久しぶりではあるが、またまた「煮干し」の話である。
『煮干しの解剖教室』という本がある。そう、タイトルの通り、煮干しを解剖しようというのである。
「煮干し」は、わたしは、子どものときからお世話になっている。煮干しと言えば、味噌汁であろう。わたしは子どもの頃も味噌汁が大好きであったが、いまも大好きである。子どものころ、ほとんど毎日食べていた我が家の味噌汁の出汁は、煮干の出汁であった。だから、味噌汁を作る前には、煮干しから頭の部分を取り外すという仕事をよく手伝ったというか、手伝わされたと言ったほうが正解かもしれない。そんな覚えがある。思い出してみると、わたしはそのお手伝いは嫌いではなかったという気がする。

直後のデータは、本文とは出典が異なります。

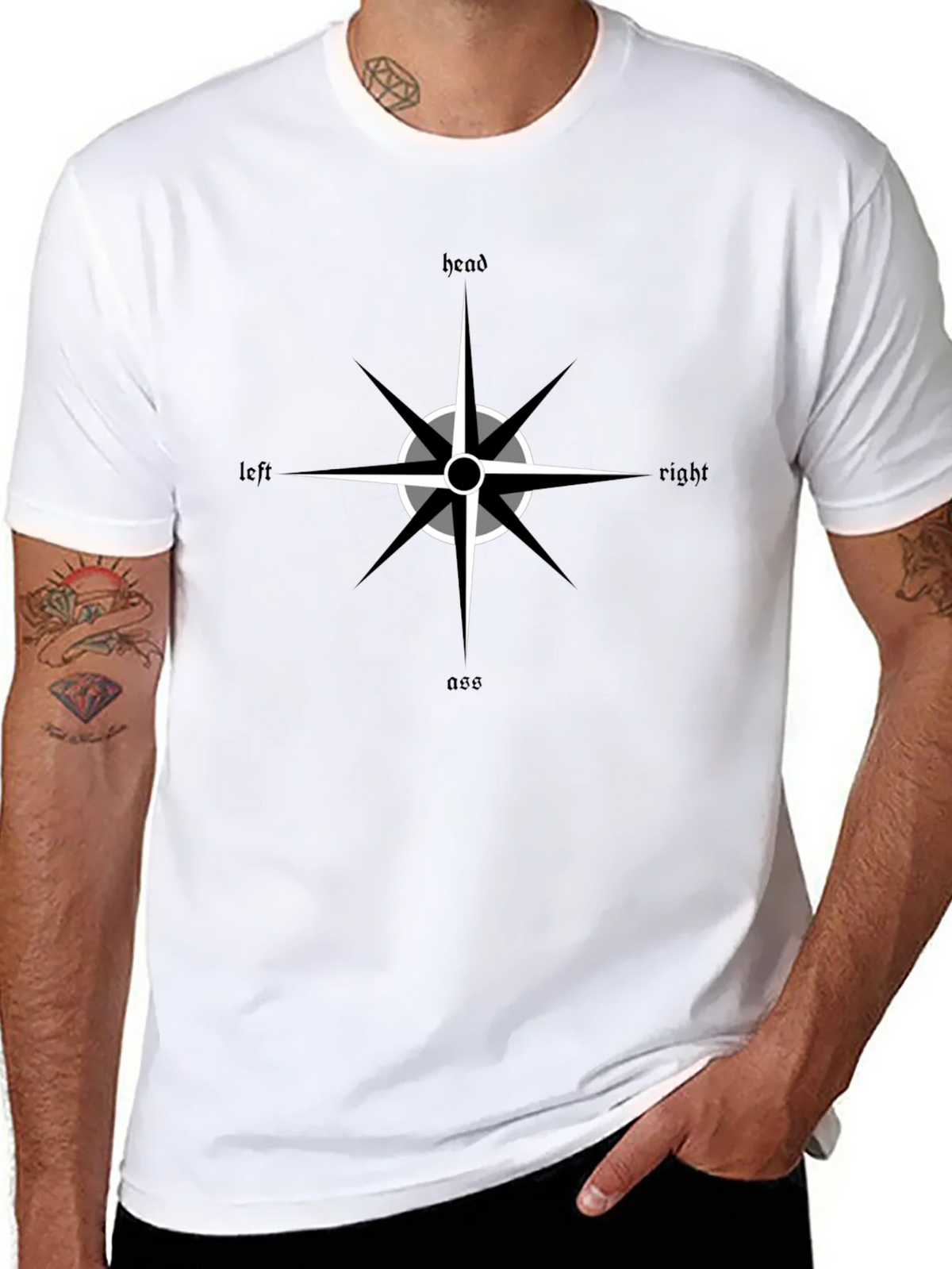 Directional Compass Black Graphic Tee product image 10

つまみ食いができるから、というのもあったかもしれないが、煮干しの頭を胴体からポキっと折り取るのが面白かったからだという記憶が何となくある。
しかしそれはもちろん「解剖」などではない。解剖といえば、お腹などを切り開いて、心臓や胃や肝臓などを取り出して観察するということだと思うが、わたしが子どもの頃には「煮干しを解剖する」なんて、そんな話は聞いたこともなかったし、学校の授業でも習ったこともなかった。
はたしてカラカラに干からびてカチカチの煮干しを解剖したからと言って、そんなにうまく内蔵などが観察できるものであろうか。さて、どうなんだろう。